What does the slice_text function do? I’m glad you asked! The second annoyance in handling Form Parser output is that the individual text blocks don’t contain actual text. Instead, they contain start and end indexes relative to a giant blob of all document text.⁴ This probably saves some bandwidth and memory, but it makes it harder to learn how the output is structured and to sanity check the results.

The workaround is to write a quick utility function like this:

def slice_text(element, text) -> str:
    """Find the text represented by a Google Form Parser document element."""
    spans = element.text_anchor.text_segments
    element_text = ""
    for span in spans:
        try:
            start_index = span.start_index
        except AttributeError:
            start_index = 0

        element_text += text[start_index: span.end_index]

    return element_text.strip()

Test methodology

Choosing the candidates

I first narrowed the set of potential products to those that:

Have either a free trial or a pay-as-you-go pricing model, to avoid the enterprise sales process
Claim to be machine learning/AI-based, vs. human-processing.
Don’t require form fields and locations to be specified manually in advance.
Have a self-service API.

Of the tools that met these criteria, Amazon Textract, Google Form Parser, and Microsoft Form Recognizer seemed to best fit the specifics of my test scenario.

The challenge

Suppose we want to build a service to verify and track ad campaign spending. When a customer receives an invoice from a broadcaster they upload it to our hypothetical service and we respond with a verification that the invoice is legit and matches a budgeted outlay (or not). For this challenge, we want to extract the invoice number, advertiser, start date of the invoice, and the gross amount billed.

To illustrate, the correct answers for the example invoice in the previous section are:

Source: Project DeepForm, originally from the US Federal Communications Commission.

{
    "Contract #": "26795081",
    "Advertiser:": "House Majority Forward",
    "Flight:": "2/5/20 - 2/18/20",
    "Total $": "$33,500.00"
}

To do this at scale, we need a form extraction service with some specific features:

Key-value mapping, not just OCR for unstructured text
Accepts PDFs
Responds quickly, preferably synchronously.
Handles forms with different flavors. Each broadcast network uses its own form, with a different layout and style.
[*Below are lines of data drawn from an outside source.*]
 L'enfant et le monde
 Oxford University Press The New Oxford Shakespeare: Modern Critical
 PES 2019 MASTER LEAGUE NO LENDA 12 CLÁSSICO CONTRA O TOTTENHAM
We don’t need the service to handle handwritten forms, languages other than English, or images of documents. Let’s assume we don’t have a machine learning team on standby to train a custom model.

The data

The documents in my test set are TV advertisement invoices for 2020 US political campaigns. The documents were originally made available by the FCC, but I downloaded them from the Weights & Biases Project DeepForm competition. Specifically, I randomly selected 51 documents from the 1,000 listed in Project DeepForm’s 2020 manifest and downloaded the documents directly from the Project DeepForm Amazon S3 bucket fcc-updated-sample-2020.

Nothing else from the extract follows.